This weekly seminar series is part of the Follow-Up Higher Homotopical Structures

Follow Up Higher Homotopical Structures: Weekly Seminar

Below you can find a schedule of seminar talks.

There will be coffee 15 minutes before each talk.

MAY 18TH, 2022 | The W-construction for cubical Feynman categories and moduli spaces

Ralph Kaufmann

Purdue University

ABSTRACT

We discuss a W-construction that is inspired by Boardman-Vogt in the setting of cubical Feynman categories (joint work with B. Ward). Homotopically this yields a cofibrant replacement in a category of functors to topological spaces. Concretely this is given by a cubical complex which in special cases have a combinatorial description. It turns out that particular combinatorics of graphs appear. As a first consequence this allows to construct moduli spaces of curves and various compactifications in an ontologically small setting (joint with C. Berger). An interesting double categorical version of graphs underlies the specific computations. If time permits, we will comment on relations to bi-algebras (joint with I. Gálvez-Carrillo and A. Tonks) and Koszulness (joint with Ward).

From 12:00 to 13:00

Institut de Matemàtica, Universitat de Barcelona (IMUB)

Gran Via de les Corts Catalanes, 585, 08007, Barcelona

MAY 26TH, 2022 | Infinity-operads as analytic monads

Rune Haugseng

NTNU Trondheim

ABSTRACT

I will explain that an infinity-operad in Lurie’s sense can be recovered from its monad for free algebras in spaces, and that this (almost) gives an equivalence between infinity-operads and a certain class of “analytic” monads. This builds on previous joint work with David Gepner and Joachim Kock where we developed the infinity-categorical theory of analytic monads and showed these are equivalent to dendroidal Segal spaces.

From 12:00 to 13:00

Aula C1/028, Centre de Recerca Matemàtica (CRM)
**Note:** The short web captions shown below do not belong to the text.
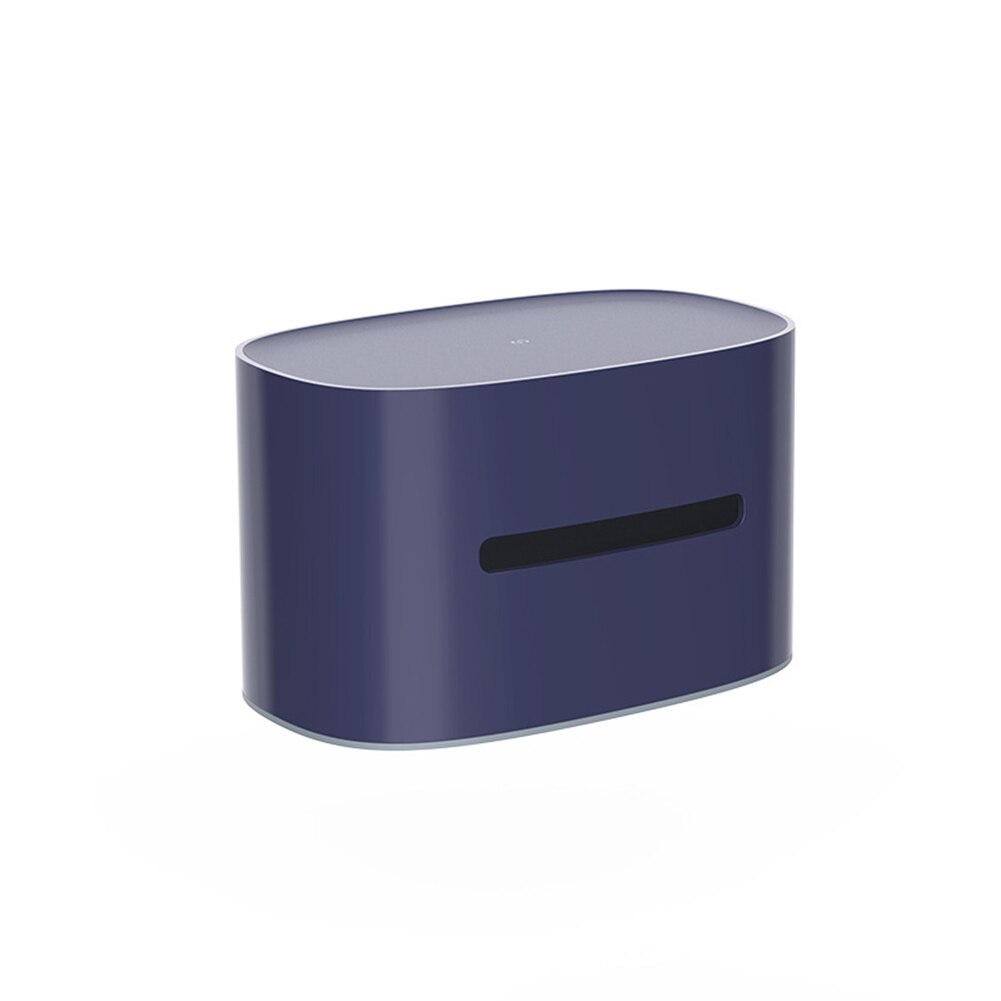 Caja para pañuelos sencilla, contenedor de papel tisú para el hogar y la sala de estar, caja protectora de papel, recipiente de servilleta, estuche protector, Decoración de mesa: Azul
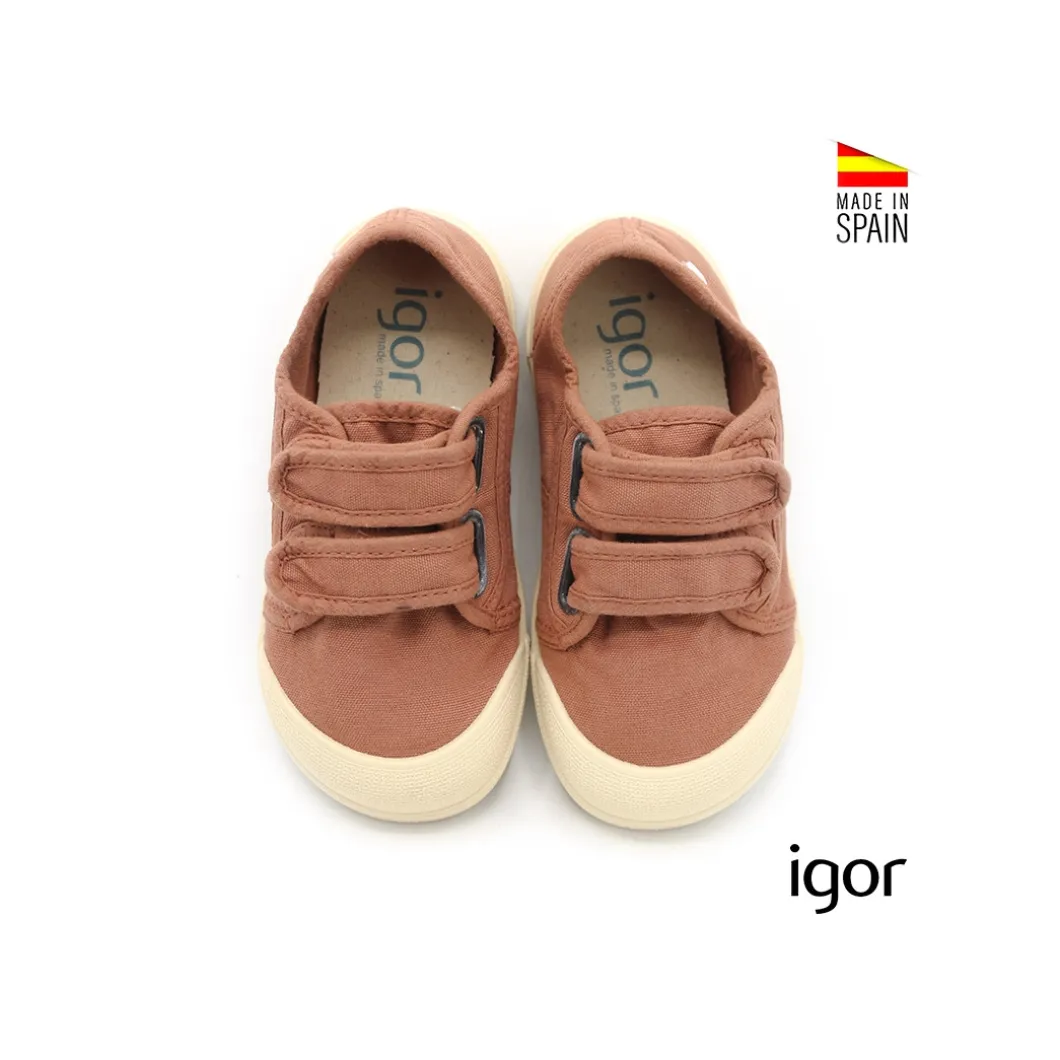 Zapatillas barefoot teja de lona Igor
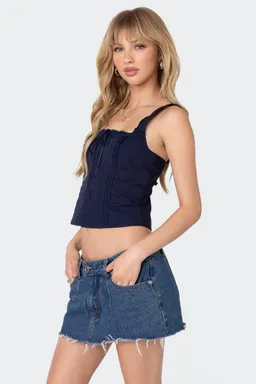 Corset poplin cuello cuadrado de Edikted en Tops para argentina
June 1st, 2022 | Coset posets of finite groups

Jesper Møller

University of Copenhagen

ABSTRACT

The coset poset of a finite group is the partially ordered set of cosets of all proper subgroups. Similarly, for a prime p, the p-coset poset is the partially ordered set of all proper p-subgroups. In both cases, the order relation is simply set inclusion. These posets are related to subgroup posets, but they are maybe less well-known. I will review what is known about coset posets and also report on some new results on the Euler characteristic of coset posets. There are fairly explicit results about Euler characteristic of p-coset posets of finite groups of Lie type in characteristic p. In other cases, there are more combinatorial, and much less explicit, expressions for the Euler characteristic.

From 12:00 to 13:00

Aula C1/028, Centre de Recerca Matemàtica (CRM)